[SUPPLIED INFORMATION — start]
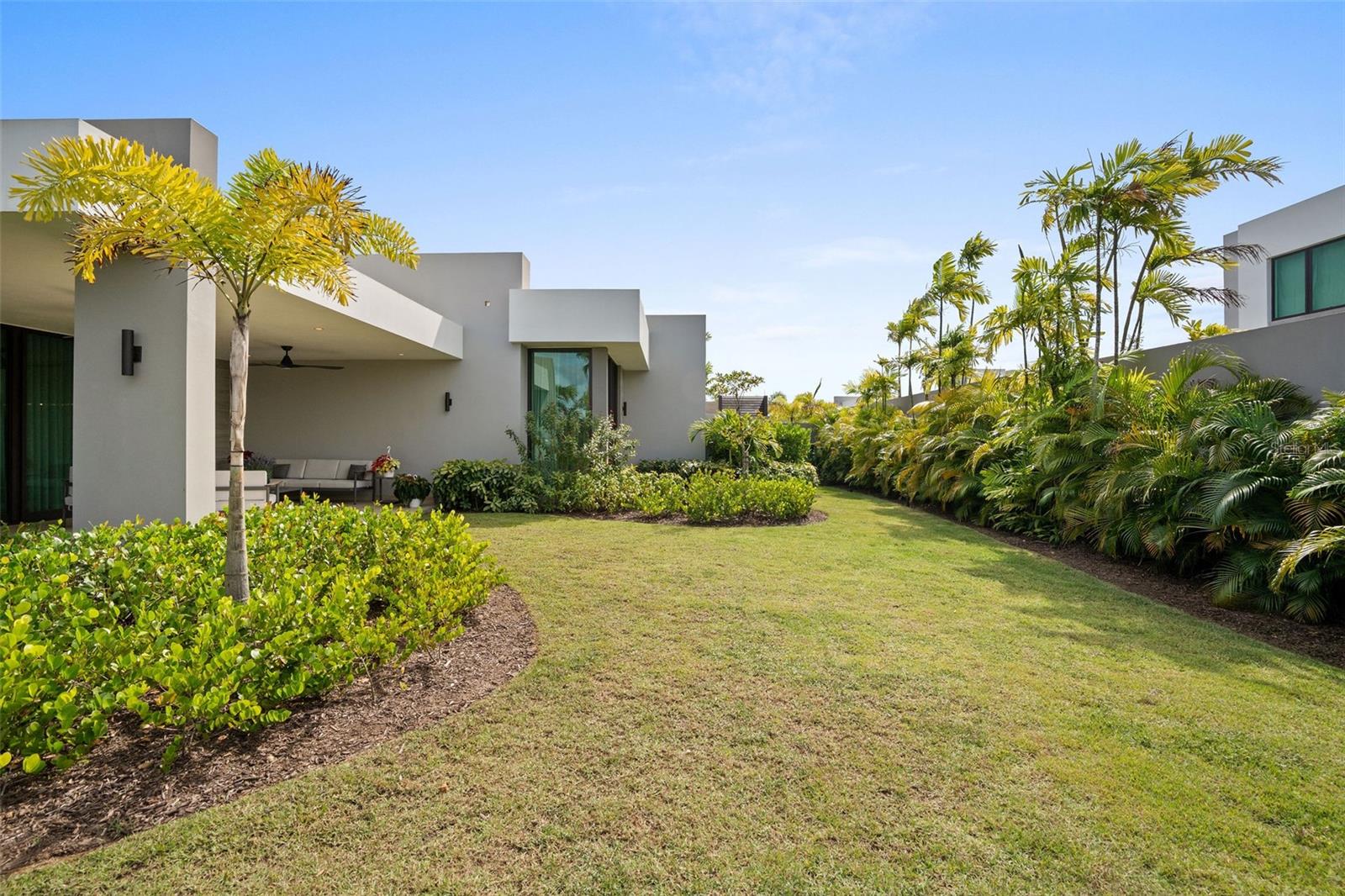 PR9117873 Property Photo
[SUPPLIED INFORMATION — finish]
[SUPPLIED INFORMATION — start]
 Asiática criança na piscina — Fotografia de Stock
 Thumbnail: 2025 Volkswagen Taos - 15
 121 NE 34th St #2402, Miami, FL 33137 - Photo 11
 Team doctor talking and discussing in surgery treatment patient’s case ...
[SUPPLIED INFORMATION — finish]
→ **WHAT YOU WILL DO**:
From the line holding "Thumbnail: 2025 Volkswagen Taos - 15" to the line holding "Team doctor talking", inclusive, restate each line above exactly as written.

→ **THE COMPLETED TASK**:
 Thumbnail: 2025 Volkswagen Taos - 15
 121 NE 34th St #2402, Miami, FL 33137 - Photo 11
 Team doctor talking and discussing in surgery treatment patient’s case ...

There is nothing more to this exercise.